Join us in welcoming three new faculty!
José Del Real Viramontes, Ph.D. is an assistant professor in the Higher Education Administration and Policy program the School of Education at the University of California, Riverside. Prior to UCR, he was an assistant professor in the Higher Education/Community College Leadership program at the University of Illinois Urbana-Champaign. He holds a Ph.D. in Curriculum and Instruction with a specialization in Cultural Studies in Education from the University of Texas at Austin.
As a former community college transfer student, his research explores the transfer receptive culture for Chicana/o/x and Latina/o/x community college transfer students at predominantly white institutions (PWIs) and highlighting how Chicana/o/x and Latina/o/x community college transfer students navigate and negotiate the ideological, material, and structural conditions of the community college to four-year university process at PWIs. He is currently working on a co-edited book, tentatively titled Latina/o/x Community College Students: Navigating and Negotiating the Community College to Four-Year College/University Transfer Pipeline. The edited volume provides much-needed theoretical and empirical data on the experiences of Latina/o/x students who enter postsecondary education through the community college. The book will bring together research highlighting the experiences of Latina/o/x students during the pre-and post-transfer process to ensure that higher education institutions develop transfer policies and programming that support the specific needs of Latina/o/x students
Michael W. Moses II, Ph.D. is an assistant professor of Higher Education and Qualitative Methods at UCR's School of Education.
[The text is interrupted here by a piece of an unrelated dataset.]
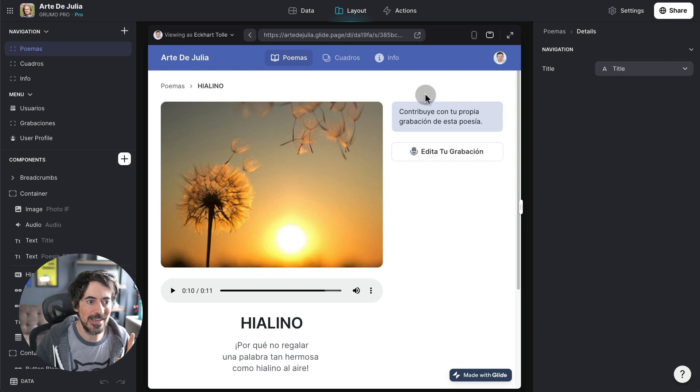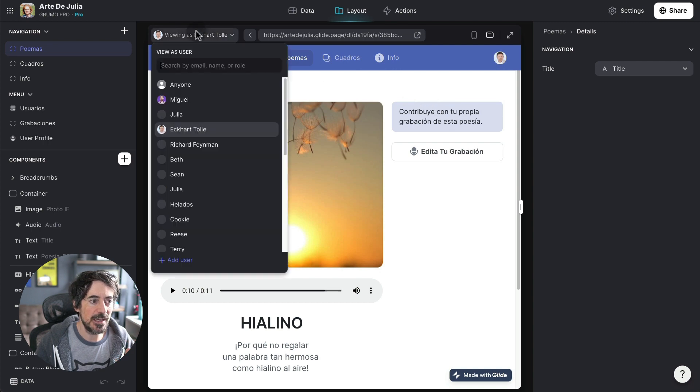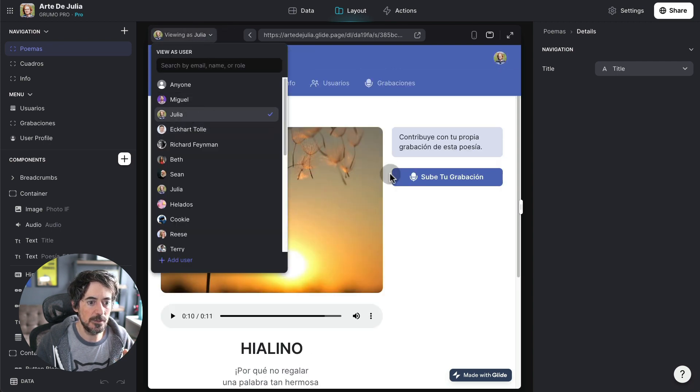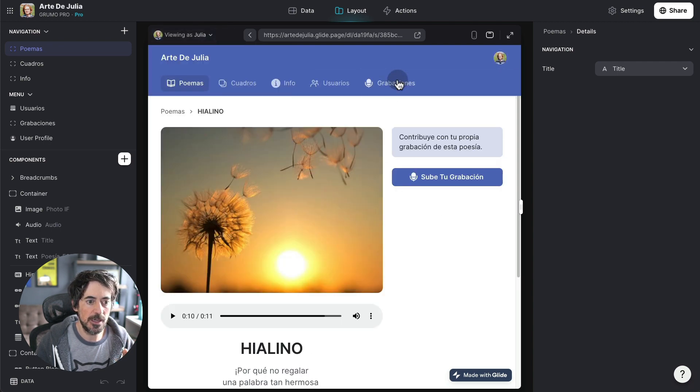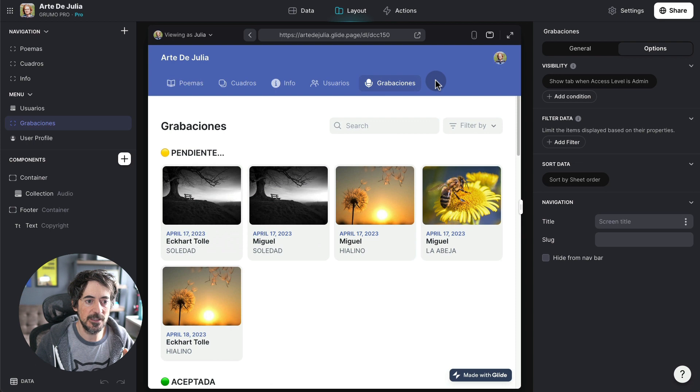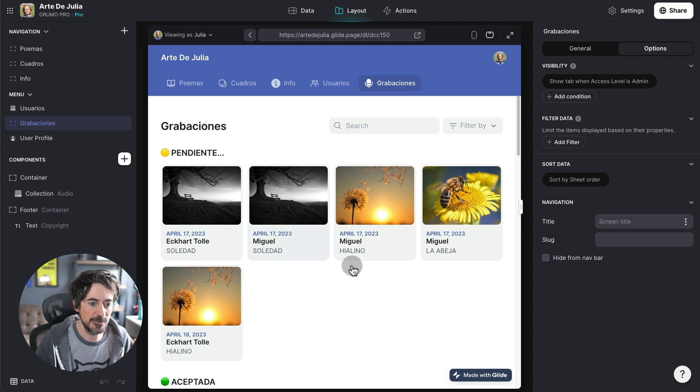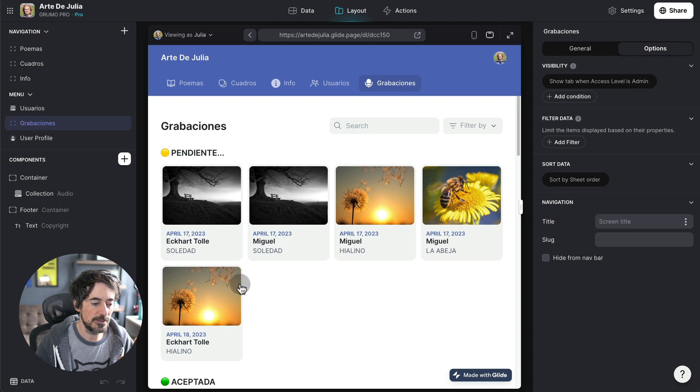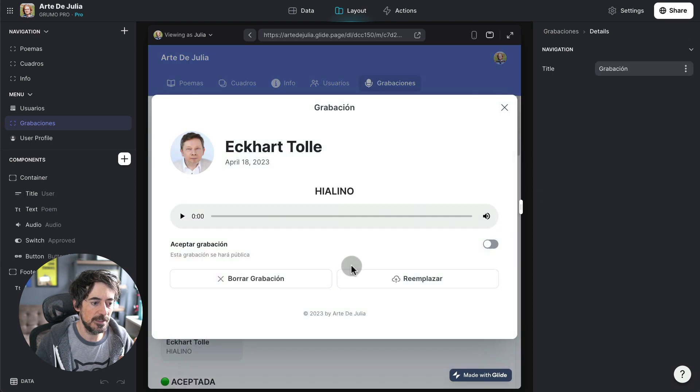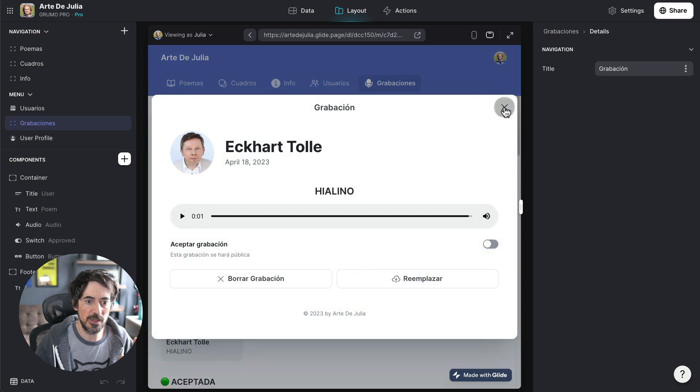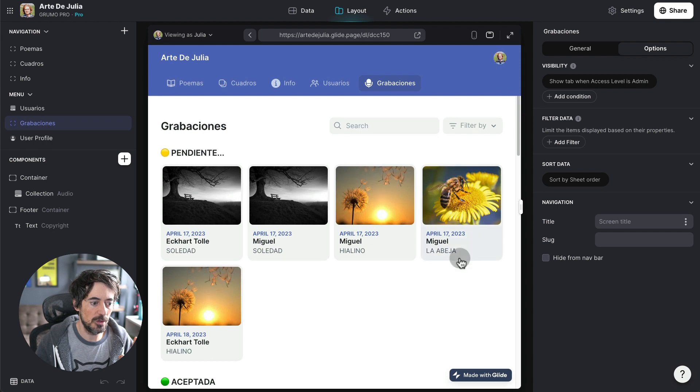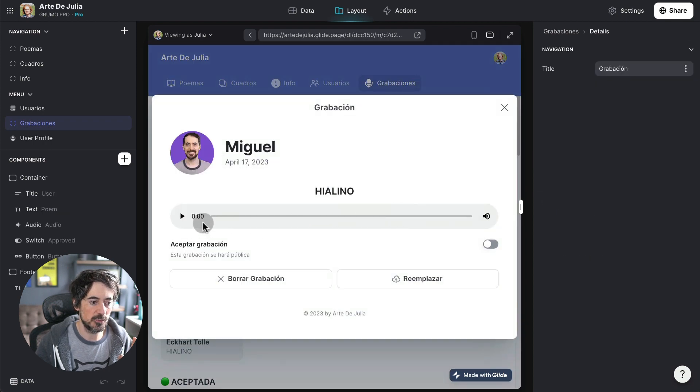Now, if I'm logging in as the administrator, and I look at the recordings, you can see that these are the latest recordings. And so that's by Eckhart Tolle. But for example, I have here this one that I just recorded.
Drawing upon critical race and social theories, his program of research includes three interrelated lines of inquiry that seek to question and understand the mismatch between institutional diversity rhetoric and practice at traditionally white institutions. The first line of inquiry takes an asset-centered approach to ethnographically understanding the values and practices students and scholars of color employ to navigate institutional contexts. His second area of research draws upon Moses' training as a qualitative methodologist and uses conceptual and empirical methods to interrogate the racialized implications and taken-for-granted assumptions of qualitative methodological theory and practice. His third area of research meaningfully contributes to the scholarship on academic writing by theorizing and studying writing practices from the experiences of academic writers of color. In addition to his scholarship, Moses centers mindfulness practices to inform his approach to teaching and service as tools for minoritized community members to find possibilities of wellness amidst their lives in higher education.
Moses earned his Ph.D. from UCLA's School of Education and Information Studies, after which he was a UC Chancellor's Postdoctoral Fellow at UCR's School of Education from 2020-2022. He also holds a Master’s in African-American Studies from UCLA and Bachelor’s in English from Georgia Southwestern State University where he played NCAA Division II men's soccer. Moses is from the suburbs of Atlanta, GA, and in his spare time, you can find him teaching yoga, attending concerts from his favorite music artist, and trying to be a better dog-dad to his puppy Rose Thunder.
Suneal Kolluri, Ph.D. is an assistant professor in the School of Education teaching courses on Education Policy, Social Studies Teaching Methods, and the Sociology of Education. His research looks at how curriculum and college readiness practices in high schools produce social stratifications by race, ethnicity, gender, and class.